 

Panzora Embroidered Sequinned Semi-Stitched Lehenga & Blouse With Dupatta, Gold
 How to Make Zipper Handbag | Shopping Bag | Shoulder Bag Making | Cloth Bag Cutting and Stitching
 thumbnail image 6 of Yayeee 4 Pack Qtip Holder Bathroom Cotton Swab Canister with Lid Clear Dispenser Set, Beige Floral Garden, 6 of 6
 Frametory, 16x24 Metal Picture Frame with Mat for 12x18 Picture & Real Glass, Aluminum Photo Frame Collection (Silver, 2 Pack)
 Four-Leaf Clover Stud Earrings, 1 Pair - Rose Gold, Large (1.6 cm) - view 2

__________

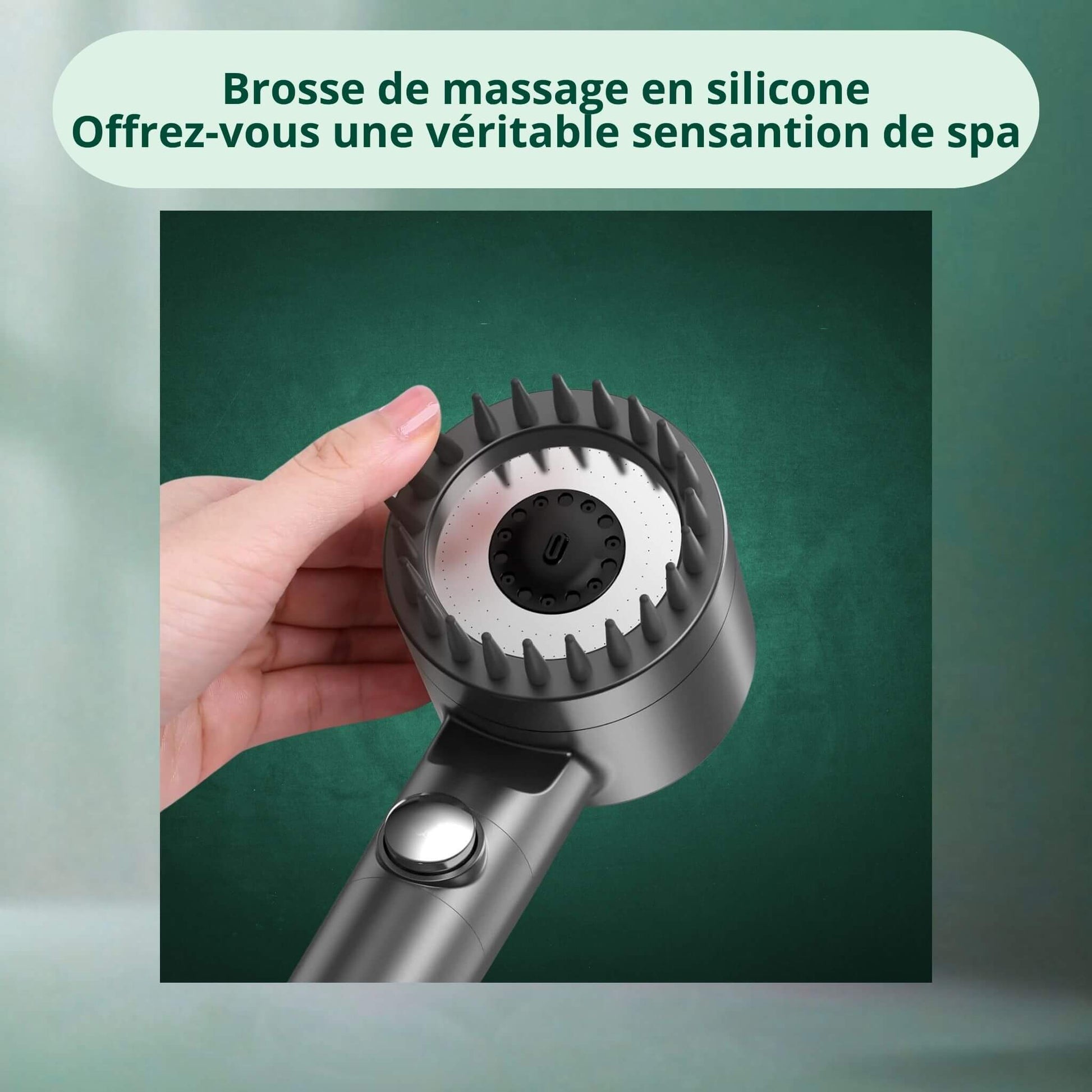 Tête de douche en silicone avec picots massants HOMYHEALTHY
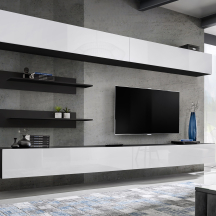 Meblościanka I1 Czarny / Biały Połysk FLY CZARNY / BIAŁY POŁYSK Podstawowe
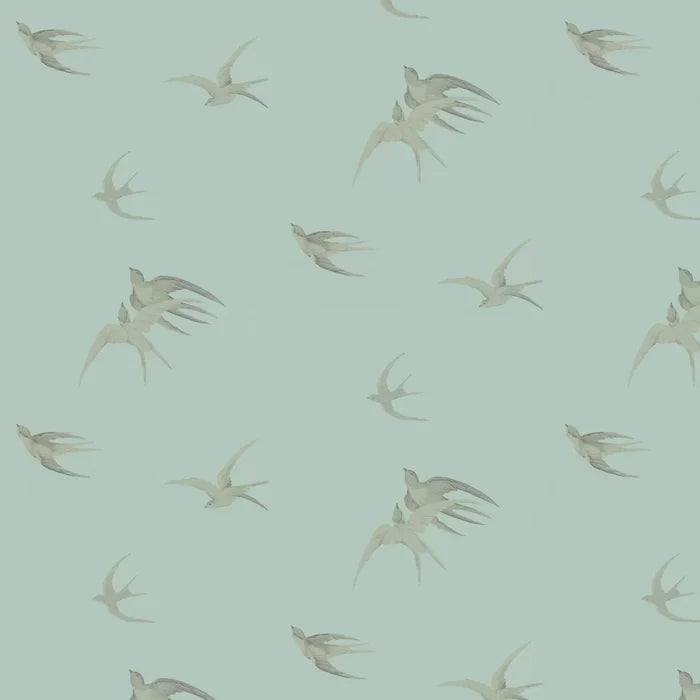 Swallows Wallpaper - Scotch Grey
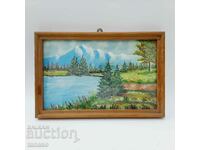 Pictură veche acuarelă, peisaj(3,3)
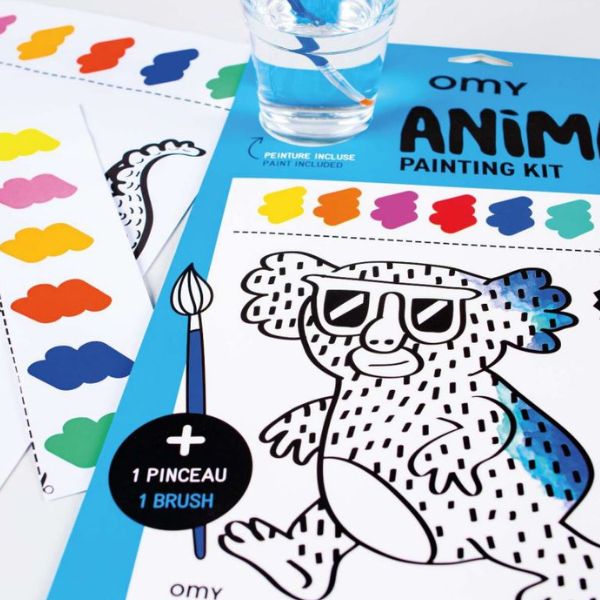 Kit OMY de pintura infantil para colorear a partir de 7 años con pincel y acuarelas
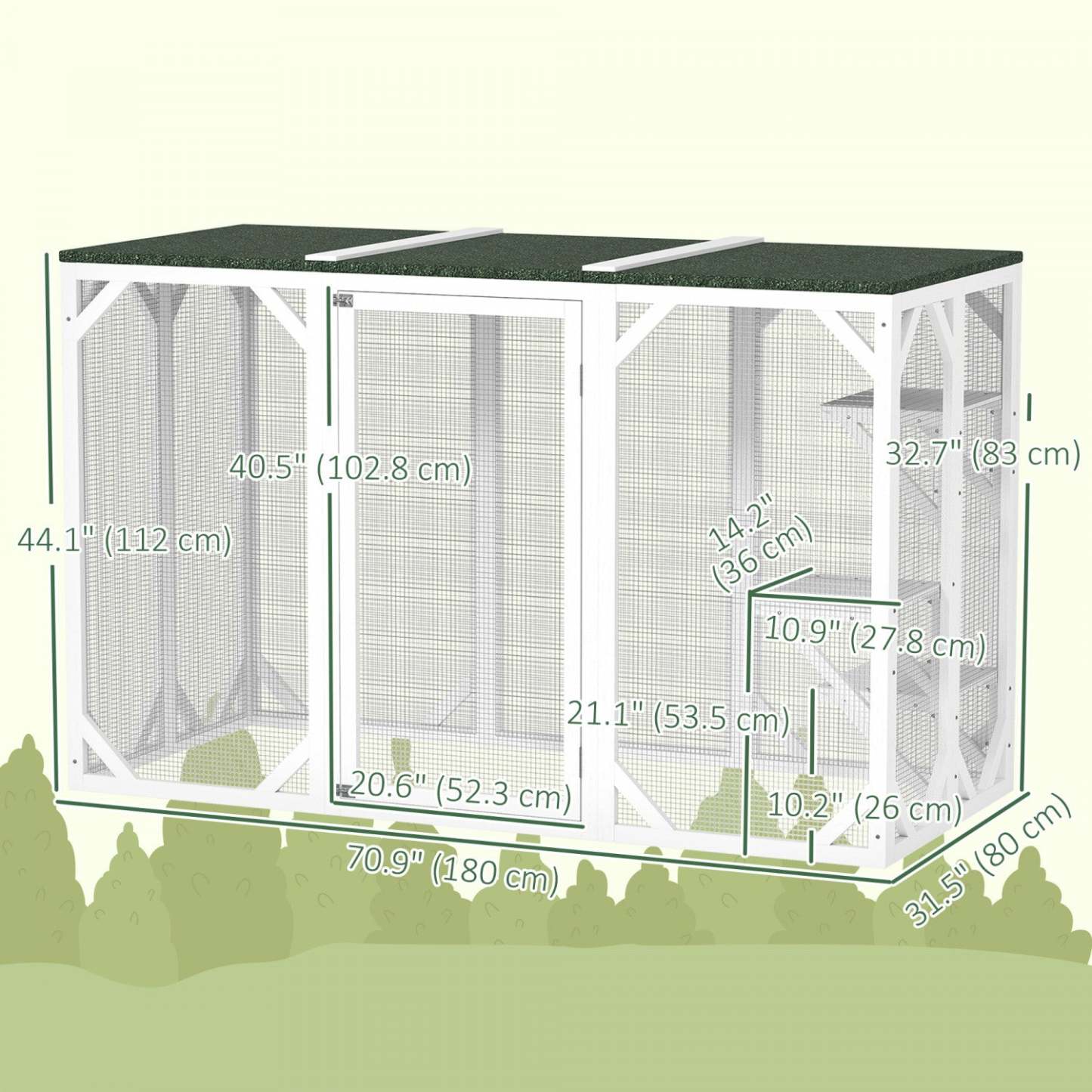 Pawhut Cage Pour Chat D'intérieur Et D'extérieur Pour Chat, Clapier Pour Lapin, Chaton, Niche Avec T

__________

#### WHAT YOU SHOULD DO
Leaving all pictures out, output exactly the lines of the material above from the line with "Meblościanka I1 Czarny" to the line with "Pawhut Cage Pour", both included.

#### FINISHED EXERCISE
 Meblościanka I1 Czarny / Biały Połysk FLY CZARNY / BIAŁY POŁYSK Podstawowe
 Swallows Wallpaper - Scotch Grey
 Pictură veche acuarelă, peisaj(3,3)
 Kit OMY de pintura infantil para colorear a partir de 7 años con pincel y acuarelas
 Pawhut Cage Pour Chat D'intérieur Et D'extérieur Pour Chat, Clapier Pour Lapin, Chaton, Niche Avec T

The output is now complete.